Конечно, здесь все компактнее, чем в Петербурге. Via dello Sprone значительно короче Садовой. Так она и ýже ее в несколько раз. Лично мне представляется совместно-парный проход по разным сторонам улицы куда более естественным и выразительным, когда улица по-флорентийски узка и безлюдна, а не широка и полна по-петербургски народу, что наша Садовая. Впрочем, о какой тут естественности можно говорить, когда оба идут навстречу своему безумию?
Суммарный вектор
Хорошо. Вспомним теперь о векторной сумме всех петербургских блужданий князя Мышкина. Итак, результирующий вектор, как мы выяснили, направлен от Семеновского плаца к дому Рогожина и совпадает по направлению с Гороховой. О символизме (по-видимому, непреднамеренном) этого суммарного вектора мы говорили.
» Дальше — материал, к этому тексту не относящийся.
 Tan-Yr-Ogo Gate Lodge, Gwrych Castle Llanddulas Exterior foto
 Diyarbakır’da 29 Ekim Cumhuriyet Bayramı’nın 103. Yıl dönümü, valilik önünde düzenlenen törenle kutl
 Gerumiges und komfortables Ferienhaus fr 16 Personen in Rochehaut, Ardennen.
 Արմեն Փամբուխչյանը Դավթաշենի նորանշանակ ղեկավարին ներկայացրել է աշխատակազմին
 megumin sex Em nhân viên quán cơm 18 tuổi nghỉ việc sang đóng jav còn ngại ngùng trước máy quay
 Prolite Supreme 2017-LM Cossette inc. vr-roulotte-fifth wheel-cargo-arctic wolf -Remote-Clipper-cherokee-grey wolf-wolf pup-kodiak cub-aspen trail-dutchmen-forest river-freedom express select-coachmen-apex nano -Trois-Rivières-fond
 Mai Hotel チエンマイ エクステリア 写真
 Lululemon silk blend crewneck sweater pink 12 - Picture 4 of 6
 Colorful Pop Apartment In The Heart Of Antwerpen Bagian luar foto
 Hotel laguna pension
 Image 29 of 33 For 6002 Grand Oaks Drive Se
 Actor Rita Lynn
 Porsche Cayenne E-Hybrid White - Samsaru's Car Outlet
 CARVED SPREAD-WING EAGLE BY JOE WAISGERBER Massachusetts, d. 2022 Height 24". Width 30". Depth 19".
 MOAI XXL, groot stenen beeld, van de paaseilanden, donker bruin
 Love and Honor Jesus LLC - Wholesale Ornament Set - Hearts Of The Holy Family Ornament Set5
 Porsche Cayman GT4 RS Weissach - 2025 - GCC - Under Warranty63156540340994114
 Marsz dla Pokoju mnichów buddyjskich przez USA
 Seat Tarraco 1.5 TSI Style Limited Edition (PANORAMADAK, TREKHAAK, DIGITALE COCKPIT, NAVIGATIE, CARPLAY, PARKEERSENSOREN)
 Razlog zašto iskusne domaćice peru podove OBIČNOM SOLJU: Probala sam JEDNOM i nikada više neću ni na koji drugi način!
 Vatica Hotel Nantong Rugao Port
Посмотрим, отвечает ли ему по топологии и символичности улица Гвиччардини (Guicciardini), в которой мы уже заподозрили соответствия нашей Гороховой?
А почему бы и нет? Улица Гвиччардини вместе с пор Санта-Мария (por S. Maria) образуют одно почти прямолинейное целое. Обе улицы соединяет мост через Арно, так же как части Гороховой соединяет мост через Фонтанку. Эта por S. Maria начинается у Старого рынка, где течет вода изо рта бронзового кабана, который, по свидетельству Анны Григорьевны, ее супругу чрезвычайно нравился (туда они по весне переедут, там дешевле). Кабан — замечательно, но нам интереснее площадь, примыкающая к улице с другой стороны, это — знаменитая piazza della Signoria, площадь Синьории. Тут, между прочим, автор «Идиота» имел возможность видеть под открытым небом мраморного Давида, того самого, настоящего, оригинал, а не копию, выставленную для нас. Площадь многим знаменита, но более всего эта пьяцца, мне кажется, должна была интересовать Достоевского одной исторической особенностью. Здесь казнили. Именно здесь 23 мая 1498 года повесили Савонаролу и двух его сподвижников, а потом сожгли их тела. Вот вам и аналог Семеновскому плацу. Трех привязанных к столбу Достоевский видел сам, ожидая своей очереди. Впрочем, к моменту написания «Идиота» на Семеновском плацу в реальности еще никого по приговору не казнили смертью — пока; и все же — тогда, в свой час, — ему пришлось там выслушать смертный себе приговор.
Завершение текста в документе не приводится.